What you are asked to do ->
Reproduce the records precisely. Omit every picture.
---+---
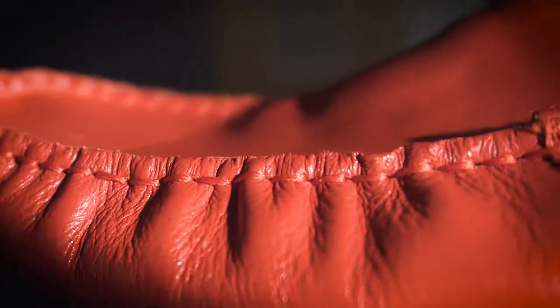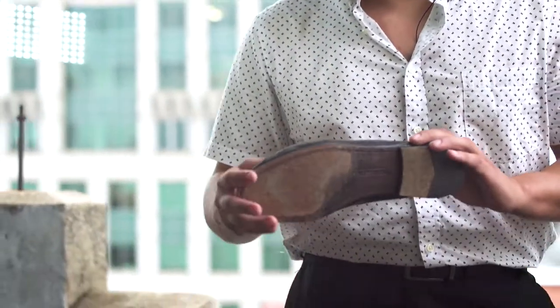The leather itself is Italian. It's hand-woven, double-stitched on the side and on the top. It has durability, it has style, it has multiple colors for you, and it was designed by somebody who's worn loafers his entire life.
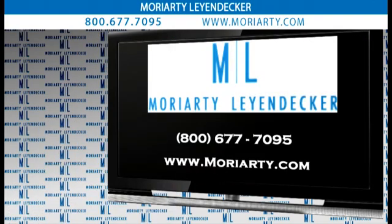Here at the Howard Nations Law Firm, we look forward to working with Moriarty and Leyendecker in representing your interests against Depuy. Call Moriarty and Leyendecker at 1-800-677-7095 and visit their website at www.moriarty.com.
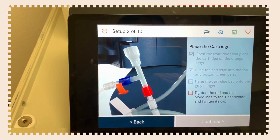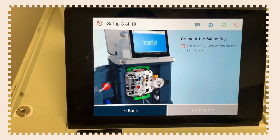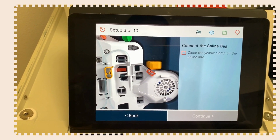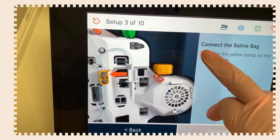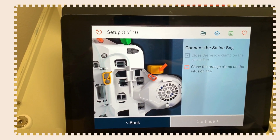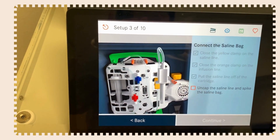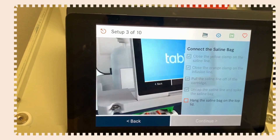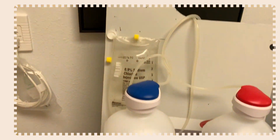Tighten the red and blue bloodlines and the T-connector. Now connect the saline bag: close the yellow clamp on the saline line, then close the orange clamp on the infusion line. Pull the saline line off the cartridge, uncap the saline line, spike the saline bag, and hang the saline bag on top.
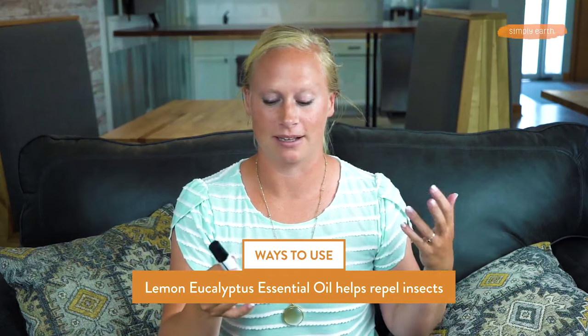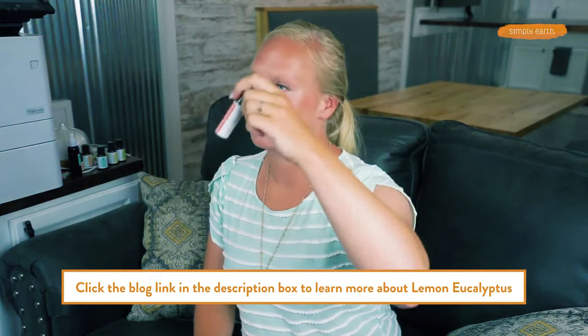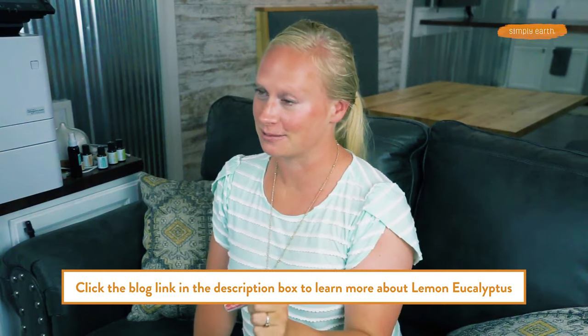One of my favorite benefits of lemon eucalyptus is its ability to repel insects. You can use it in our Don't Bug Me Roll On recipe, which we'll have linked to in the blog post in the description box.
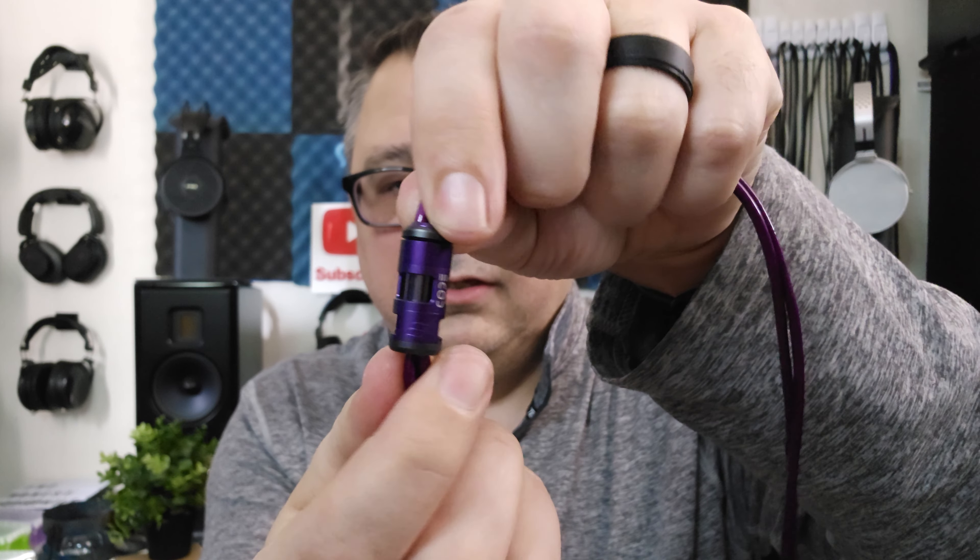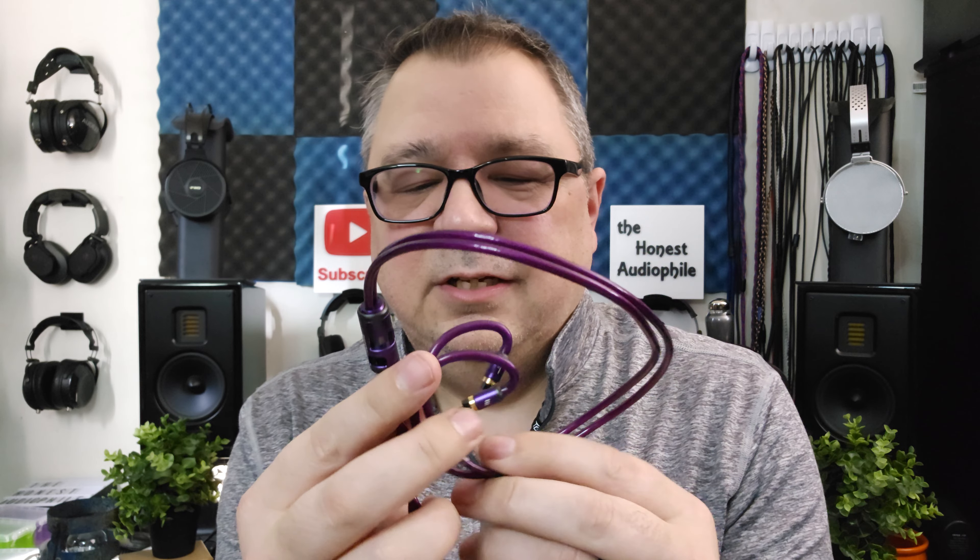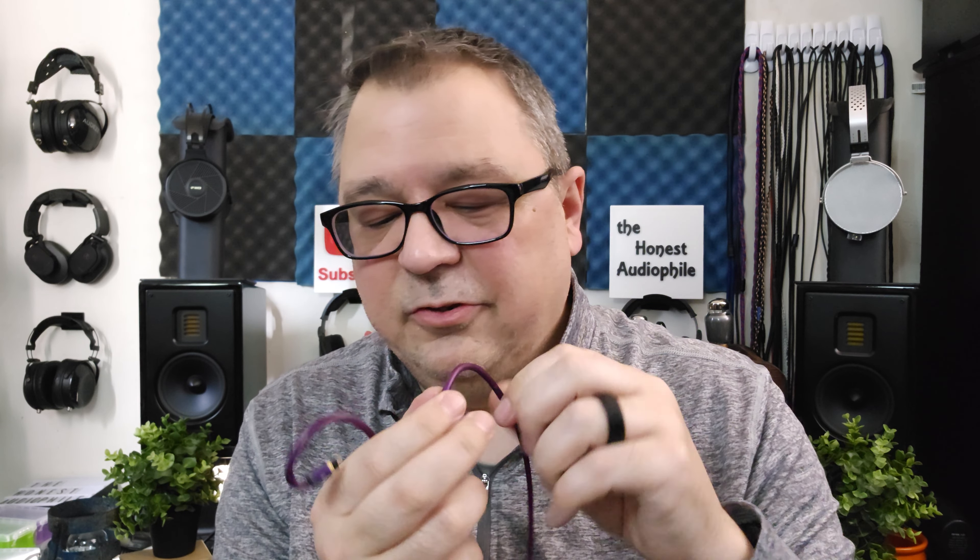It feels very durable, and you have this really cool split with a cinch that stays in place. There is supposedly a gem hidden inside the cinch. I'll put a link so you can read all about it. The termination looks just like the split, just a little bit bigger. Very well built cable. I like the ear hooks — they have nice tension to them, though they are a little bit on the thick side, so on some IEMs they may bother your ears a little bit, but I have no issues.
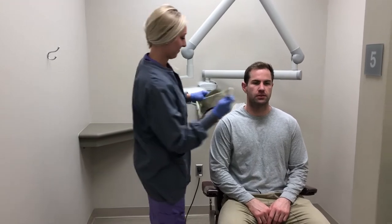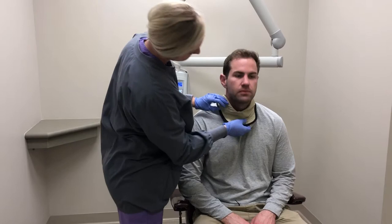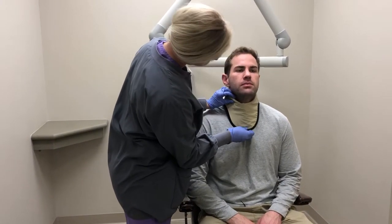Once those steps are completed, you are now ready to seat the patient. Place the lead thyroid collar around their neck and begin capturing the images.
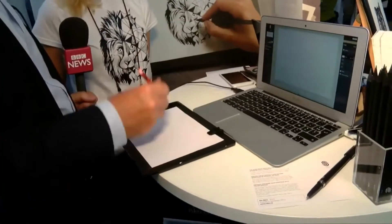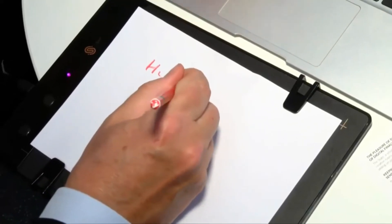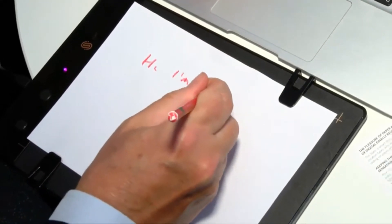Here's something interesting which combines the physical, i.e. a pencil, with the digital. I can write on this piece of paper and it will appear on the screen. Let's try. Hi, I'm Rory.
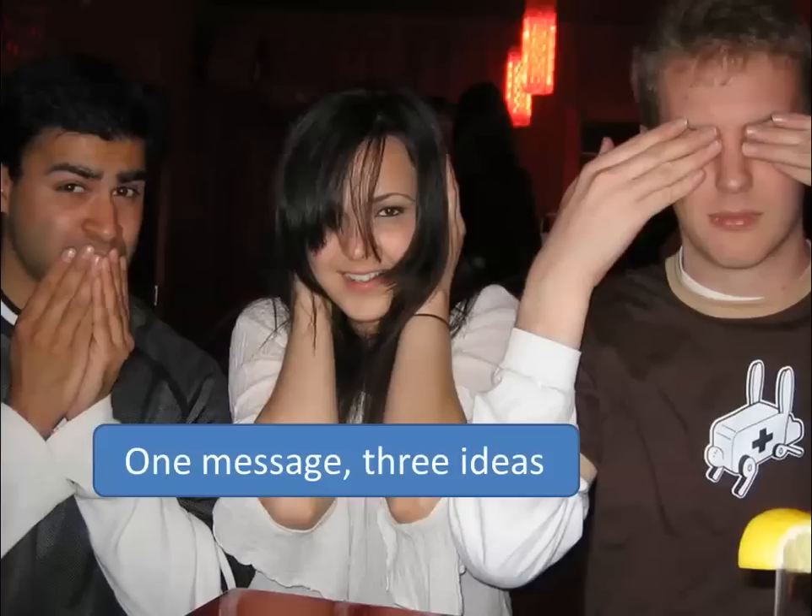Once you've got your one big idea, go back and look at the three strongest ideas that will back it up. You'll have all kinds of things you can bring in to support your central idea, but you don't need to use all of them — pick the three best. Looking at this slide, my one message is about evil; let's say 'avoid evil.' I'm going to talk about speak no evil, hear no evil, and see no evil. I don't want to talk about four or five ideas because people get overwhelmed and tune out. Two seems flimsy, and there's something about three — it's a magic number. Three supporting ideas are good; people can cope with that.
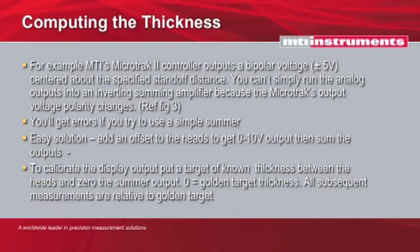The easiest solution in a case like this is to add an offset to the heads. What you're going to do is shift that minus five to plus five volts to a zero to ten volt output. Then you sum the outputs. This makes life a lot more simple.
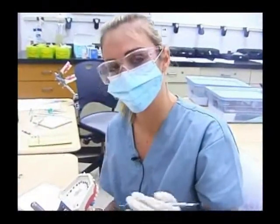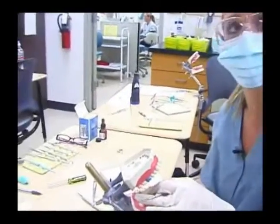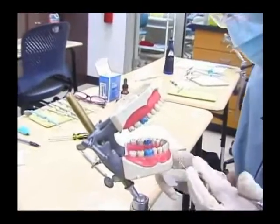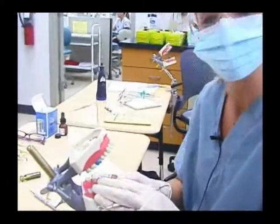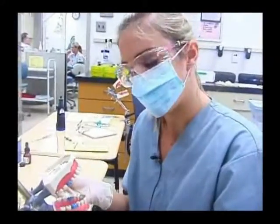So what we're doing today in class is a temporary sedative dressing. What it is is a temporary filling. If a doctor is out of the office and a patient comes in with a broken filling, we are able to fill it with a temporary sedative dressing. The temporary sedative dressing consists of IRM, which is just a temporary base.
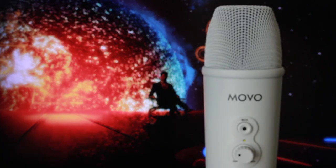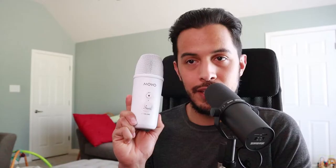Speaking of new gear, I had a company called Movo reach out to me, offering to send me one of their microphones to review so y'all can get a chance to experience what one of their products is like. They sent me their UM 700W USB condenser microphone.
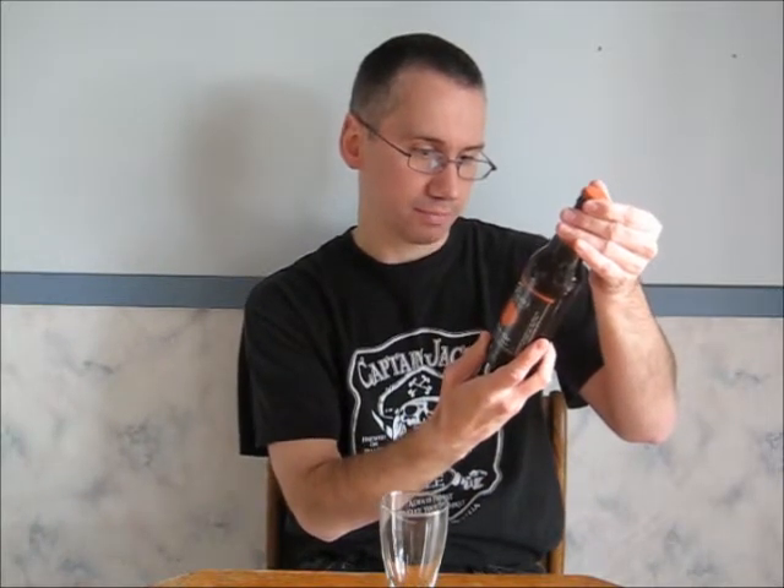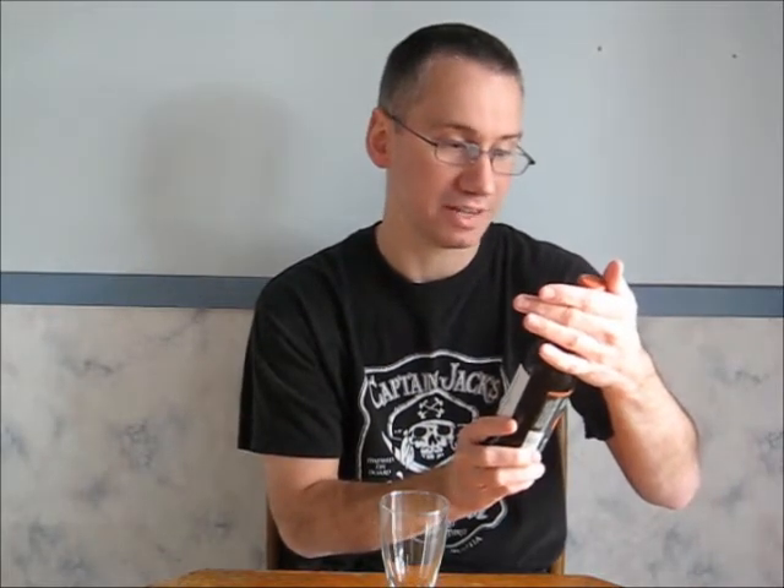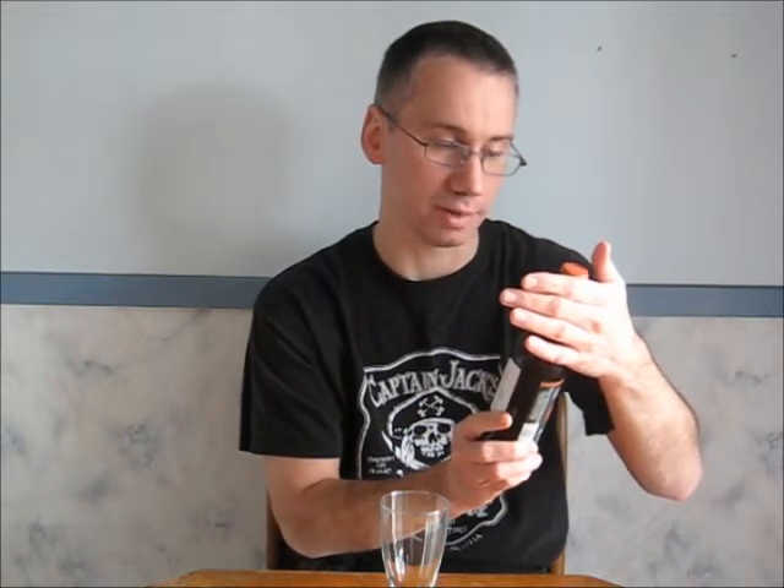Today this is the Brooklyn Brewery's Post Road Pumpkin Ale. According to the label, this is an ale brewed with pumpkin spices, which is pretty normal for a pumpkin ale. I'll do a quick read: in the 18th century, colonial Americans brewed wonderful and interesting ales using local ingredients. Barley was the principal ingredient, but pumpkins were also used for their rich spicy flavors, which melded perfectly with the malted barley. Post Road brings you a delicious rendition of this traditional American classic.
---+---
Written solution ->
The leather itself is Italian. It's hand-woven, double-stitched on the side and on the top. It has durability, it has style, it has multiple colors for you, and it was designed by somebody who's worn loafers his entire life.
Here at the Howard Nations Law Firm, we look forward to working with Moriarty and Leyendecker in representing your interests against Depuy. Call Moriarty and Leyendecker at 1-800-677-7095 and visit their website at www.moriarty.com.
Tighten the red and blue bloodlines and the T-connector. Now connect the saline bag: close the yellow clamp on the saline line, then close the orange clamp on the infusion line. Pull the saline line off the cartridge, uncap the saline line, spike the saline bag, and hang the saline bag on top.
One of my favorite benefits of lemon eucalyptus is its ability to repel insects. You can use it in our Don't Bug Me Roll On recipe, which we'll have linked to in the blog post in the description box.
It feels very durable, and you have this really cool split with a cinch that stays in place. There is supposedly a gem hidden inside the cinch. I'll put a link so you can read all about it. The termination looks just like the split, just a little bit bigger. Very well built cable. I like the ear hooks — they have nice tension to them, though they are a little bit on the thick side, so on some IEMs they may bother your ears a little bit, but I have no issues.
Once those steps are completed, you are now ready to seat the patient. Place the lead thyroid collar around their neck and begin capturing the images.
Here's something interesting which combines the physical, i.e. a pencil, with the digital. I can write on this piece of paper and it will appear on the screen. Let's try. Hi, I'm Rory.
Once you've got your one big idea, go back and look at the three strongest ideas that will back it up. You'll have all kinds of things you can bring in to support your central idea, but you don't need to use all of them — pick the three best. Looking at this slide, my one message is about evil; let's say 'avoid evil.' I'm going to talk about speak no evil, hear no evil, and see no evil. I don't want to talk about four or five ideas because people get overwhelmed and tune out. Two seems flimsy, and there's something about three — it's a magic number. Three supporting ideas are good; people can cope with that.
The easiest solution in a case like this is to add an offset to the heads. What you're going to do is shift that minus five to plus five volts to a zero to ten volt output. Then you sum the outputs. This makes life a lot more simple.
So what we're doing today in class is a temporary sedative dressing. What it is is a temporary filling. If a doctor is out of the office and a patient comes in with a broken filling, we are able to fill it with a temporary sedative dressing. The temporary sedative dressing consists of IRM, which is just a temporary base.
Speaking of new gear, I had a company called Movo reach out to me, offering to send me one of their microphones to review so y'all can get a chance to experience what one of their products is like. They sent me their UM 700W USB condenser microphone.
Today this is the Brooklyn Brewery's Post Road Pumpkin Ale. According to the label, this is an ale brewed with pumpkin spices, which is pretty normal for a pumpkin ale. I'll do a quick read: in the 18th century, colonial Americans brewed wonderful and interesting ales using local ingredients. Barley was the principal ingredient, but pumpkins were also used for their rich spicy flavors, which melded perfectly with the malted barley. Post Road brings you a delicious rendition of this traditional American classic.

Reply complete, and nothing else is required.